(Scraped caption text data)
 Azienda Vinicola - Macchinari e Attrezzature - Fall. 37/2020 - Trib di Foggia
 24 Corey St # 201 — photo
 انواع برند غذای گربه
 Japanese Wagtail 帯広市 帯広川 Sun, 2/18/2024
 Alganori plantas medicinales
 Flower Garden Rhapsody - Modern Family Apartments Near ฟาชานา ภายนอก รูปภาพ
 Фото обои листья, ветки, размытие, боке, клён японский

--

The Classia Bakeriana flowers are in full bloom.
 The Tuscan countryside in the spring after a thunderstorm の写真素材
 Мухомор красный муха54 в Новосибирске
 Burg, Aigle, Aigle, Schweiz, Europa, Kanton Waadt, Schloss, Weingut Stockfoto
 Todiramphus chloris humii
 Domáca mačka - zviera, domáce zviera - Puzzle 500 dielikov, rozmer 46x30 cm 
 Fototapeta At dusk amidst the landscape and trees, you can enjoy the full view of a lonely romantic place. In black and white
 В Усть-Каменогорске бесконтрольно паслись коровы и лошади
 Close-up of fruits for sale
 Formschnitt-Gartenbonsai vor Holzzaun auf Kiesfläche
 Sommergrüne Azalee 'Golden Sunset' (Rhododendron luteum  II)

#### Your task
Of the entries above, repeat exactly the lines between the line with "Fototapeta At dusk" and the line with "Sommergrüne Azalee 'Golden", inclusive, and no others.

#### Written response
 Fototapeta At dusk amidst the landscape and trees, you can enjoy the full view of a lonely romantic place. In black and white
 В Усть-Каменогорске бесконтрольно паслись коровы и лошади
 Close-up of fruits for sale
 Formschnitt-Gartenbonsai vor Holzzaun auf Kiesfläche
 Sommergrüne Azalee 'Golden Sunset' (Rhododendron luteum  II)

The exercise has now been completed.